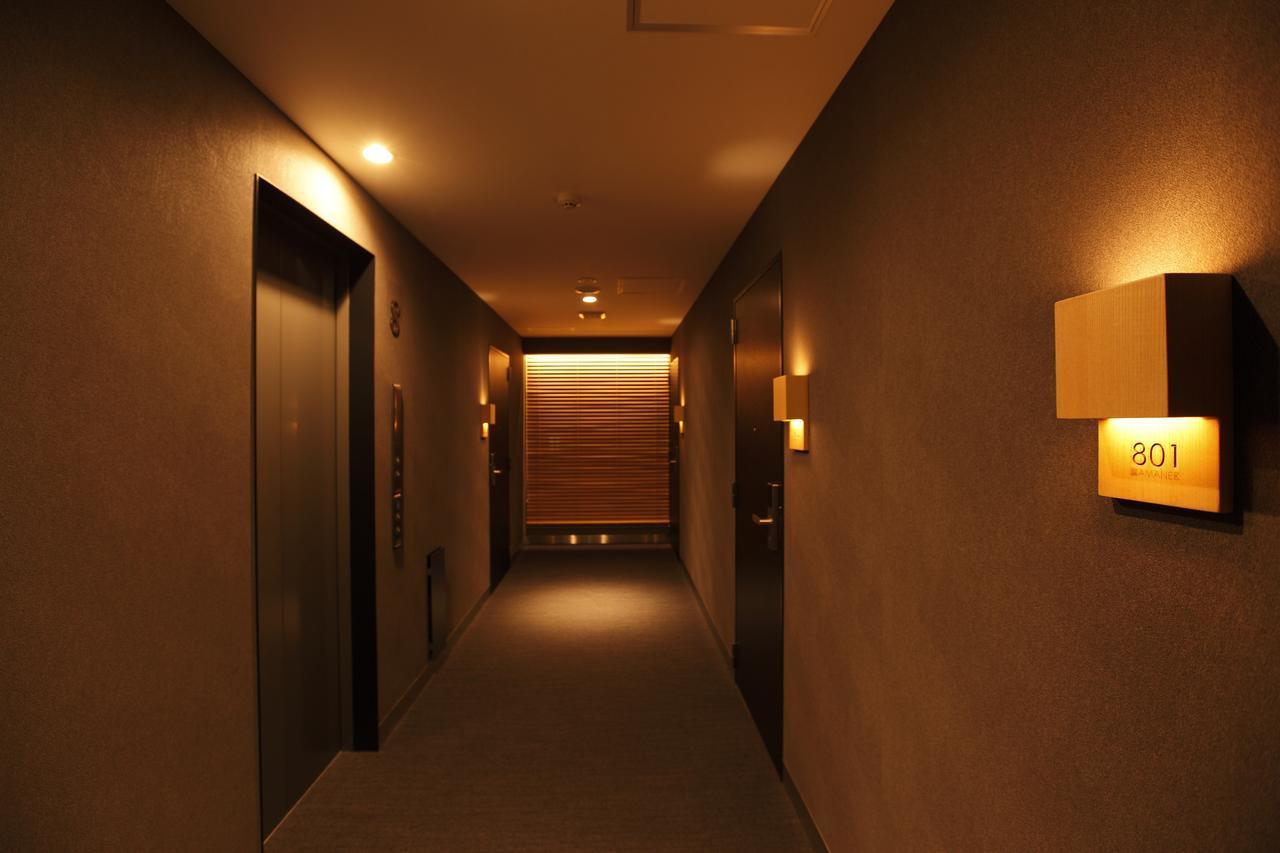 Hotel Amanek Ginza East Tokio Buitenkant foto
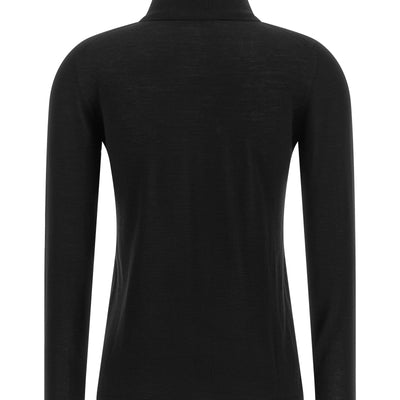 Max Mara Saluto High Neck Sweater
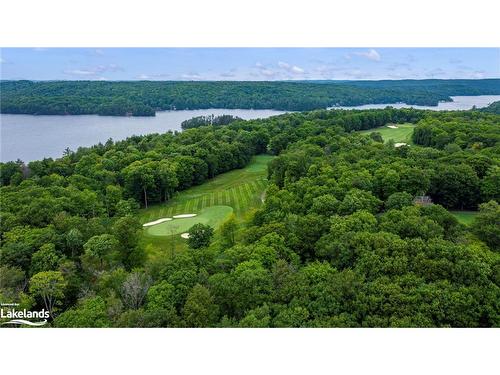 84 Bigwin Island, Lake Of Bays, ON - Outdoor With Body Of Water With View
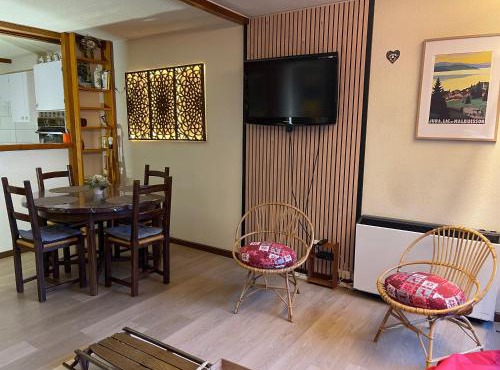 Vaste appartement de montagne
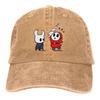Summer Cap Hollow Knight Shy Guy Hip Hop Cap Cowboy Hat Peaked Cap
-*-*-
■ WHAT IS EXPECTED: The required answer is every line from the one containing "Max Mara Saluto High Neck Sweater" through the last line of the entries, restated word for word and with no pictures.

■ FINISHED EXERCISE:
 Max Mara Saluto High Neck Sweater
 84 Bigwin Island, Lake Of Bays, ON - Outdoor With Body Of Water With View
 Vaste appartement de montagne
Summer Cap Hollow Knight Shy Guy Hip Hop Cap Cowboy Hat Peaked Cap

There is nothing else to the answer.